Some awesome independent scholar dude named Ray Cha (bust down those Ivory Tower gates!) has a blog that is most awesomely about technology and policy (check it out, Madisonian.net folks) found my cross-post about Your Daily Awesomeness on Scatterplot.
So awesomely awesome is Ray Cha’s awesomeness: the man has empirically assessed the use of “awesomeness” over the last four years. Go there for the graphs. But I will excerpt the analysis!:
Sometimes you learn a word and all of the sudden you see it everywhere. The nagging question is, was is always being used and you just glossed over it, or is there a change in the frequency of its use? You discovered the word precisely because it was starting to be used for more often.
Not too long ago, I found the word “awesomeness” entering my general vocabulary to signify great approval. Awesomeness feels fresh, a slight tweak on the new vintage “awesome” from the 80s, a personally influential era. However, in the past week, I’ve seen the word Awesomeness appear in a lot of places, from friends and strangers alike. I started thinking if the word has gaining traction in the public at large, so last weekend I started the quest to figure out ways to capture the growing use of the word.
Word frequency counts is nothing new. Media studies have been doing this type of research in newspaper and magazines for decades. However, it is becoming much more democratic, mostly because of the decreasing cost of computing and the related increase span of the web, which has been collecting data much easier. I decided to use the blogosphere because it seems like a pretty good proxy for general language usage.

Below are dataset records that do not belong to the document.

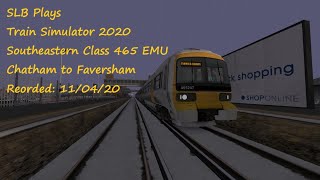 Train Simulator 2020 | Southeastern Class 465 EMU - Chatham to Faversham | 11/04/20 | SLB Plays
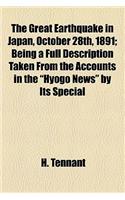 The Great Earthquake in Japan, October 28th, 1891; Being a Full Description Taken from the Accounts in the Hyogo News by Its Special: Being a Full Description Taken from the Accounts in the  Hyogo News  by Its Special Correspondent, and from Other Sources(English)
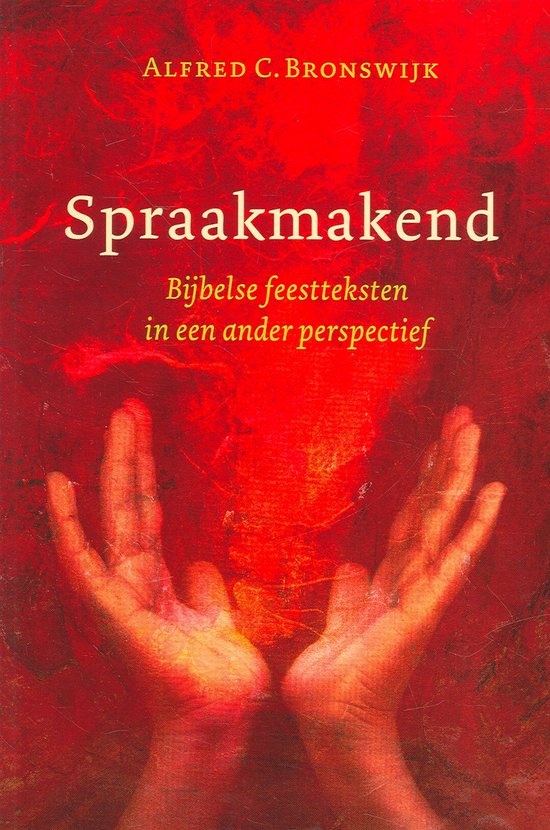 Cover van het boek 'Spraakmakend' van A.C. Bronswijk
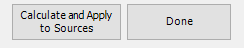 Calculate and Apply to Sources button. Done button.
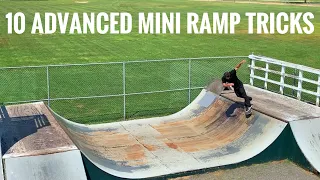 10 ADVANCED Mini Ramp Tricks ANYONE Can Learn!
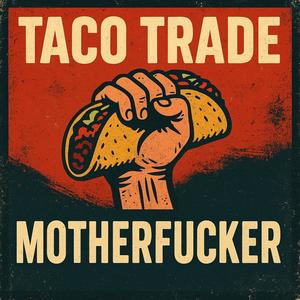 TACO TRADE MOTHER****** (Explicit)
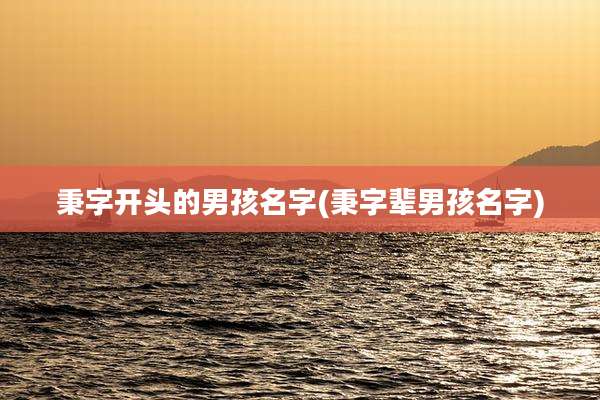 秉字开头的男孩名字(秉字辈男孩名字)
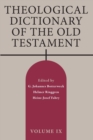 Theological Dictionary of the Old Testament, Volume IX - Book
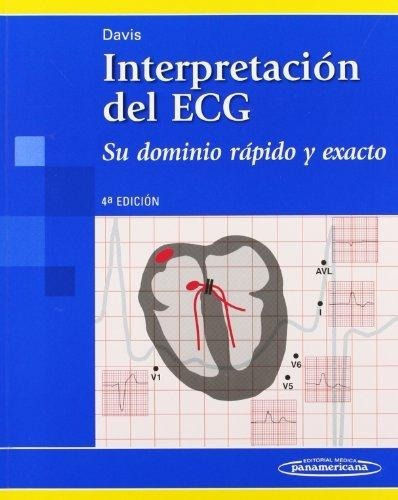 Davis Interpretación Del Ecg 4 Ed Envíos T/país Mercado Pago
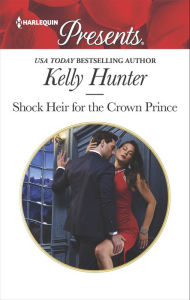 Title: Shock Heir for the Crown Prince, Author: Kelly Hunter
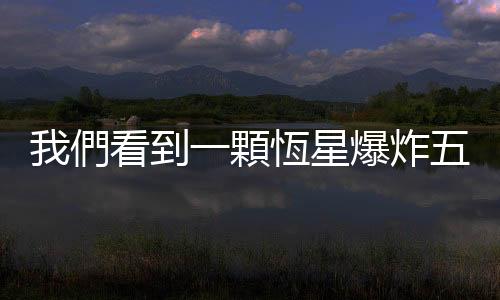 我們看到一顆恆星爆炸五次，它顯示出宇宙膨脹的速度有多快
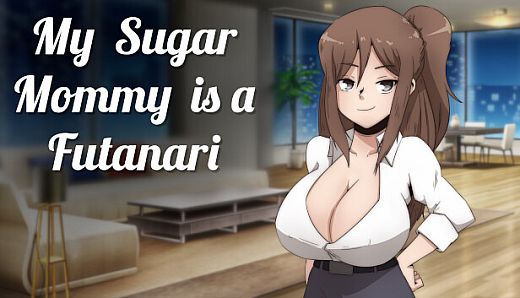 My Sugar Mommy is a Futanari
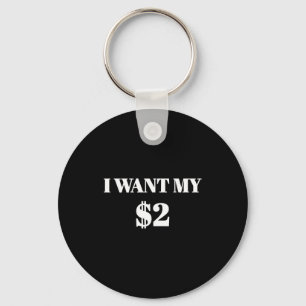 Llavero Quiero mis dos dólares $2 divertido cita de pelícu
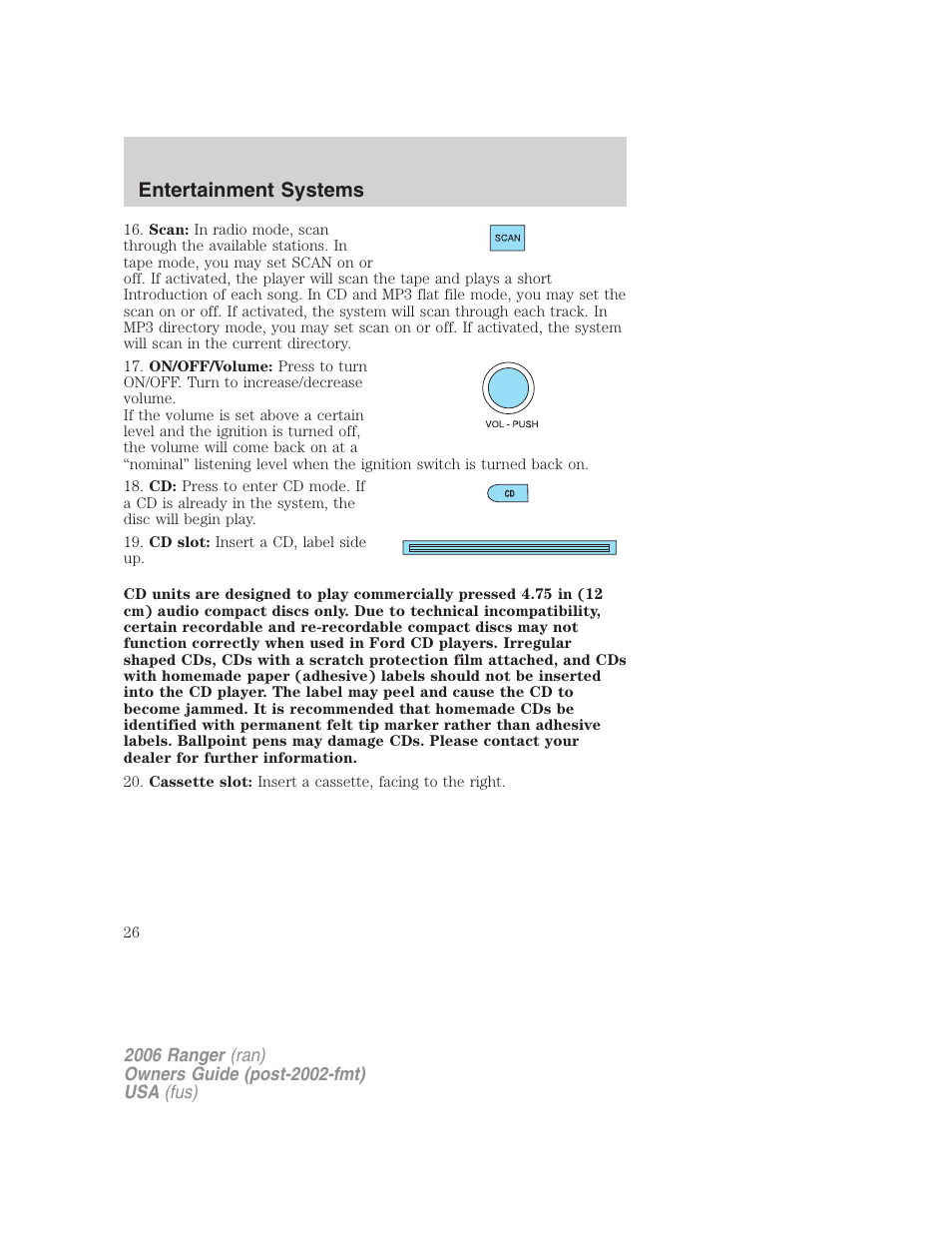 Entertainment systems | FORD 2006 Ranger v.1 User Manual | Page 26 / 256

Just looking at the words appearance in the past two full months, this is what I found:February-2008: Awesomeness: 17,182 ; Awesome: 736,783 ; Are: 61,531,049January-2008: Awesomeness: 9,627 ; Awesome: 429,769; Are [BL: control word]: 57,214,958
There is clear jump in the past two months, but what does that jump mean, if the total number of blog pages continues to grow? Both Awesomeness and Awesome almost doubled as compared to Are, but how do you measure the significance of that? Graphing all the frequency of these three words against each other is hard because are orders of magnitude higher then the others.
I fed the curves into excel to fit linear functions, and can see that Awesomeness has a slope of 0.0003 versus Awesome which has a slope of 0.0001. This is good, because it means Awesomeness is being used at rate that is 3 time more than Awesome. However, Are (our base line) has a slope of 0.001. This is sort of bad, because 80s slang doesn’t seem to be outpacing the general growth of blogs, which I was hoping to see.
I’m not sure what to make of it, in the end. However, it does have me thinking about blogs from a higher altitude and that math is pretty awesome.
My high school friends will tell you that I have been affixing -ness indiscriminately (coolness, as a nickname suffix akin to -arino like “Dudearino”), such is the greatness of my loserly geekitude. (-itude is also another favorite suffix). I do not use prefixes as often for whatever reason. But I was using ’80s slang back in the early ’90s, when it was too early to be nostalgic. This was before Grosse Pointe Blank, people.
It wasn’t even my awesomeness in the post, but I did describe it as “awesome” and affixed the suffix -ness to denote that it was aggregate, adjectival awesome, as opposed to the adverbial awesomely, or the singular, more focused “awesome.” I don’t think of awesomeness as being orders of magnitude greater than awesome, but I do think of it as either 1) an inherent property of the thing rather than an adjective externally imposed on the thing as judgment, or 2) aggregate awesome, that yes, one of these things is awesome, and the other thing is awesome, and together their awesomeness knows no bounds. See also, the more meek and banal “great.”
I wouldn’t call “awesomeness” a rediscovered slang word like “righteous” (that hasn’t made a comeback? damn!), but if it’s growth is as empirically demonstrated, then perhaps it will spread as infectiously as “teh” or “meh” or “w00t,” last year’s entry into the OED. Then I will have done my good deed of the day. Internet speak is lame. I would rather use ’80s slang, like “hot stuff!”